Here are a few general categories you’ll likely want to figure out about your target market:
- Demographics - These characteristics include traits such as race, gender, age, etc. If you aren’t actually selling your product yet, you will want to be very general here. Once you start collecting data you can narrow in on who is most likely to buy your product.
- Geographics - This is fairly straight forward. Geographics refers to the geographic location of your target market.
- Psychographics - These are the attributes that are likely to be the most important. Psychographics attributes refer to your target’s lifestyle, personality, values, etc. Again, once you start collecting data you will be able to form a more accurate picture of your target market.
Identify the demand
Before making any assumption, my first response would be to get an idea of how much demand there actually is for a particular business idea. Let’s consider a friend of mine who owns a Gainesville tree service.
After punching in the likely keywords into Google’s Keyword Tool, we can see that the results are some what typical of a local business. Regardless of what this data actually says, we’ll want to compare it to the population as a whole. I like to do this just to get a better picture of what’s going on.
According to wikipedia, the metro population for Gainesville in 2009 was about 258,555. If we do the math, we can see that a relatively small portion of the population is searching for a tree service in Gainesville each month.
The question for us, however, is “does this make sense?”….sure it does.
Spot and understand any trends or similarities in demand
To do this I would simply use Google’s Insight for search tool and punch in “Gainesville Tree Service”. Of course, since the term doesn’t generate much traffic I would need to type in “tree service” instead.

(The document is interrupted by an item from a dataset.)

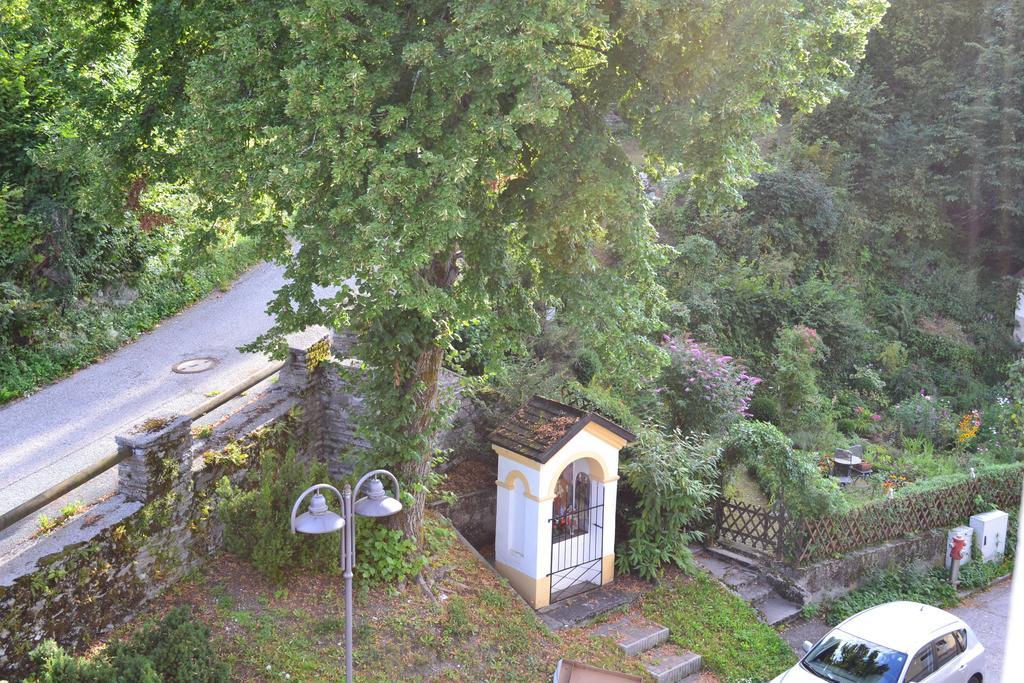 Ferienwohnung Rockside アルノルトシュタイン 部屋 写真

Right away we can spot a few obvious trends:
- Steady Increase in demand - as you can see, the demand for tree services have steadily risen year after year. This is a good thing. You always want to participate in a growth industry rather than an industry that’s in decline. The question we should try to answer, however, is what’s causing the steady increase in demand?

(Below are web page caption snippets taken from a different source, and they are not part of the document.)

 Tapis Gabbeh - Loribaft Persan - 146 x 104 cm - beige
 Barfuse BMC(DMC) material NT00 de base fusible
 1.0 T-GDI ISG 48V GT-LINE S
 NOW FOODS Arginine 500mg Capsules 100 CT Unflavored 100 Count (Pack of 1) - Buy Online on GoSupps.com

- Seasonality - there’s also a very obvious seasonal trend to this particular business. In this case, it’s most likely due to the weather patterns. However, if you spot a seasonal trend, you need to make sure that you determine why it’s happening. Try to determine ways that you can exploit the reason behind the seasonality. Also, consider how to best spend your marketing dollars to get the most “bang for your buck”.
As you can see, Google displays search phrases that it considers similar to your initial search phrase. Even if this technique doesn’t generate much useful insight, it’s not going to at least give it a try. Whatever information Google pops up, try to use it to gain insight on your target market.
A few questions come to mind when I look at these specific related searches:
- Since “trimming” and “pruning” show up, does this mean that customers are interested more in maintenance type services than removals?
- People are actually searching for “tree service reviews”? Does this mean they are very conscious about who they let work for them? Should I include testimonials on my website?
Develop a rough sketch of your demographics
However, that doesn’t mean that you shouldn’t at least form a basic understanding of your target market.
To do this, simply use Google Ad Planner and type in the website of a large competitor. If you’re lucky, you’ll get something that looks like the data above.
A few notes on this technique:
- Be smart about which “competitor’s website” you compare with. For example, I typed in the url for Better Homes and Gardens. While that site certainly has a lot to do with outdoor activities, are customers really interested in that? Or are they simply too busy to service their trees?
- At the bottom of the diagram above you can see “sites also visited” and “Audience interests“. If you’ve selected a good site to compare with, this information should provide exceptional value as well.
At the end of the day, business is human.
In order to have a successful business you need to first have a solid understanding of your customers. Once you’ve mastered that, it’s as simple as keeping your customer acquisition costs lower than your customer lifetime value. In simple terms….make more than you spend.
For those of you who have experience bootstrapping a startup, what are some ways you’ve been able to conduct market research?